Prezydent Austrii kwestionuje powojenną deklarację niepodległości
Prezydent Austrii Heinz Fischer
skrytykował w wywiadzie dla dziennika "Der Standard" powojenną deklarację niepodległości tego kraju za
przedstawianie Austrii jako ofiary nazizmu, a nie uczestnika
potworności tamtego okresu.
Fischer jednoznacznie uznał, że deklaracja niepodległości (dosł. Proklamacja Samostanowienia Austrii z 27 kwietnia 1945 r., przywracająca demokratyczną Republikę Austrii; dokument podpisali przywódcy wszystkich antyfaszystowskich partii) daje fałszywy obraz Austrii, m.in. dlatego, że przedstawia "wojnę wywołaną przez Hitlera jako coś, czego żaden Austriak nie mógł był przewidzieć i czego wówczas nie pragnął". Zdaniem prezydenta, nie odpowiada to prawdzie. Wielu, wielu ludzi wiedziało, że Hitler oznaczał wojnę, a po pierwszych sukcesach wojennych Hitlera w 1939 r. i 1940 r. wielu Austriaków entuzjastycznie reagowało na triumfy hitlerowskich wojsk - powiedział Fischer.
Pierwszy umieszczony pod deklaracją podpis należał do Karla Rennera, szefa pierwszego powojennego rządu Austrii, a następnie jej prezydenta. Od końca pierwszej wojny światowej Renner był czołowym działaczem Socjaldemokratycznej Partii Austrii, której kandydatem w ostatnich wyborach prezydenckich był właśnie Fischer.

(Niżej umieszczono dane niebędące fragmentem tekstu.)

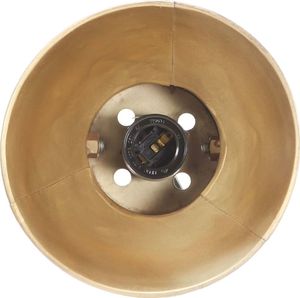 Kinkiet vidaXL Industrialna lampa ścienna, mosiądz, 65x25 cm, E27 8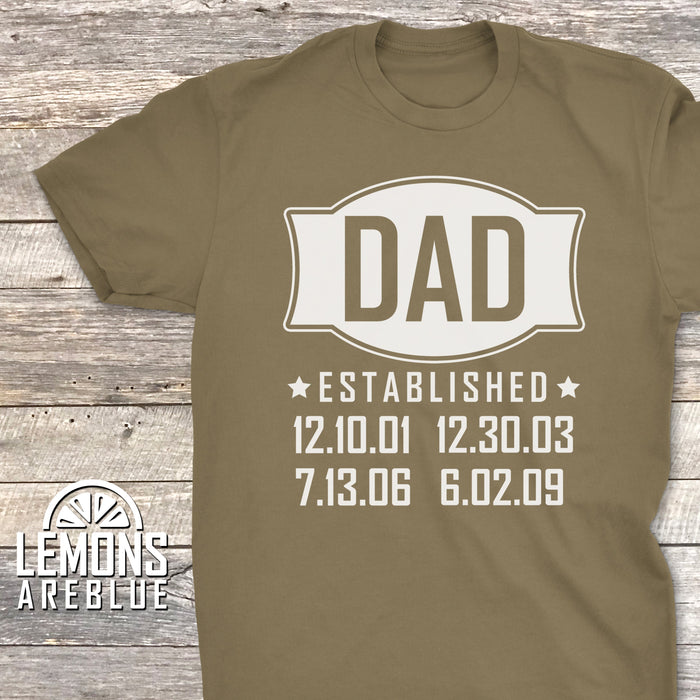 Dad Established (CUSTOM) Premium Tee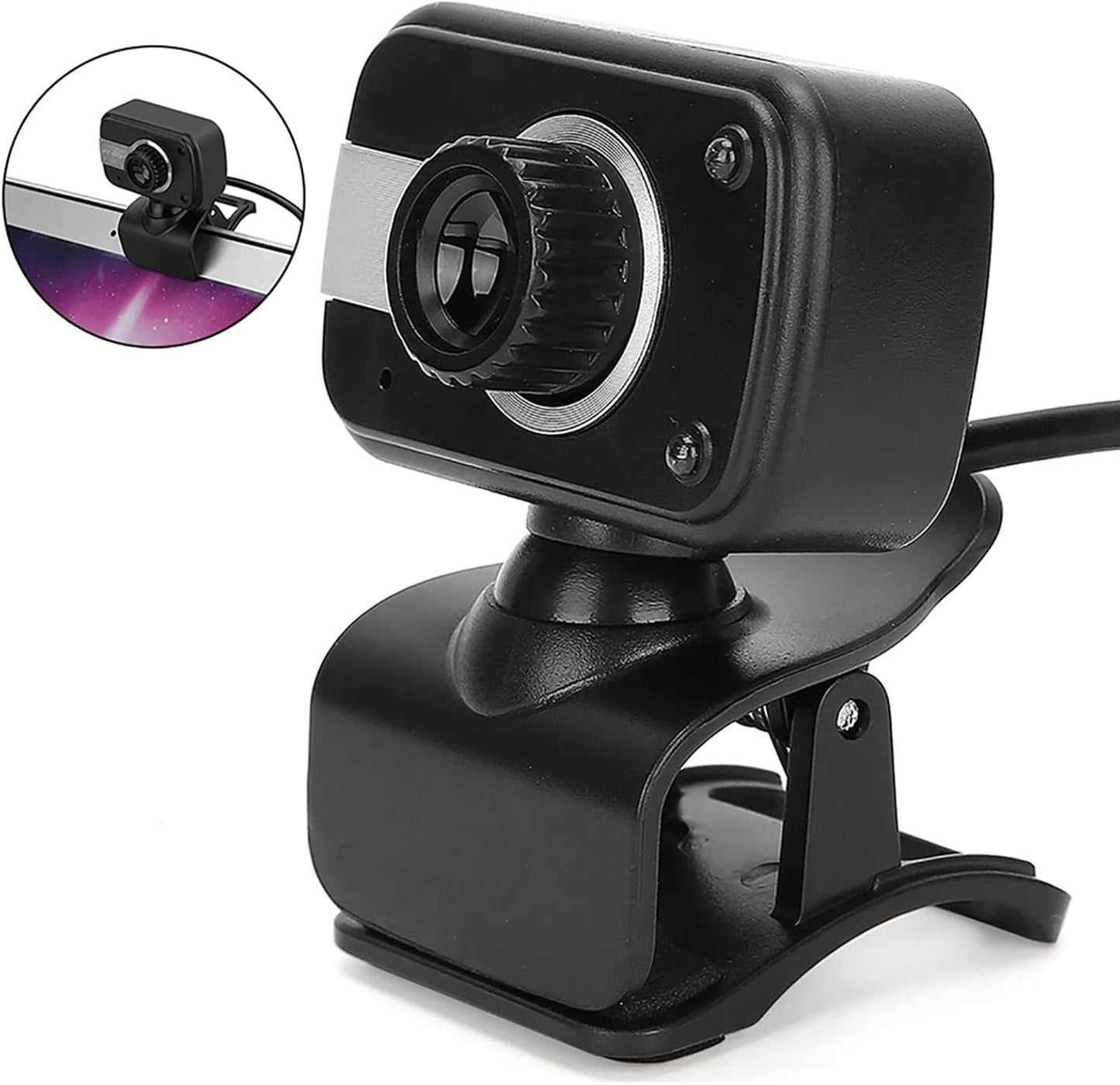 Yosoo Health Gear USB Web Camera, Laptop PC Desktop Webcam with Microphone for Video Calling Recording Conferencing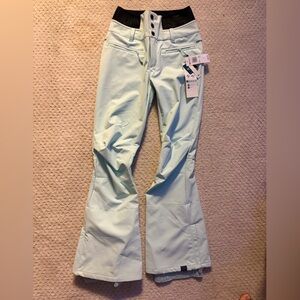 Roxy Mint Green Snow Pants with DryFlight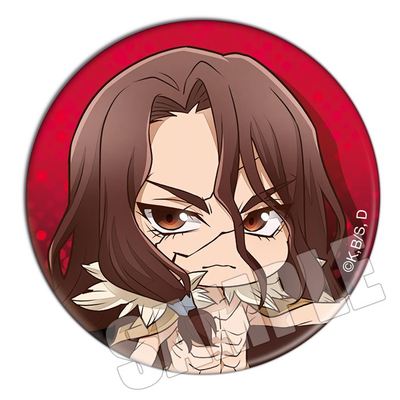 Anime Dr. Stone Ishigami Senkuu Asagiri Gen Shishio Tsukasa Figure 58mm Badge Round Brooch Pin 1930 Gifts Kids Collection Toy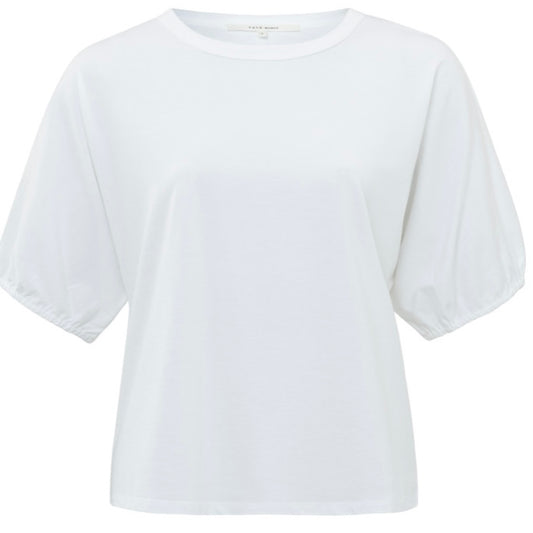 Yaya T-shirt Ronde Hals Pofmouw - Peet kleding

Prezydent skrytykował również fakt, że w deklaracji "nie ma ani słowa o żydowskich ofiarach, o tych, którzy zginęli w obozach koncentracyjnych, którzy opuścili kraj, którzy byli ofiarami nazistowskiego wymiaru sprawiedliwości". Zdaniem Fischera, "brakuje tu części rzeczywistości".
Associated Press zwraca uwagę, że przed drugą wojną światową społeczność żydowska w Wiedniu liczyła 200 tysięcy osób; dziś jest to ok. 7 tysięcy.
Agencja przypomina, że Austria uczyniła wiele w zakresie rozliczenia się z okresem nazizmu; wskazuje jednocześnie, że Fischer wypowiedział się "niezwykle bezpośrednio", krytykując kluczowy dokument historyczny za pominięcia równoznaczne z przedstawianiem w nieprawdziwym świetle Austrii w okresie nazizmu.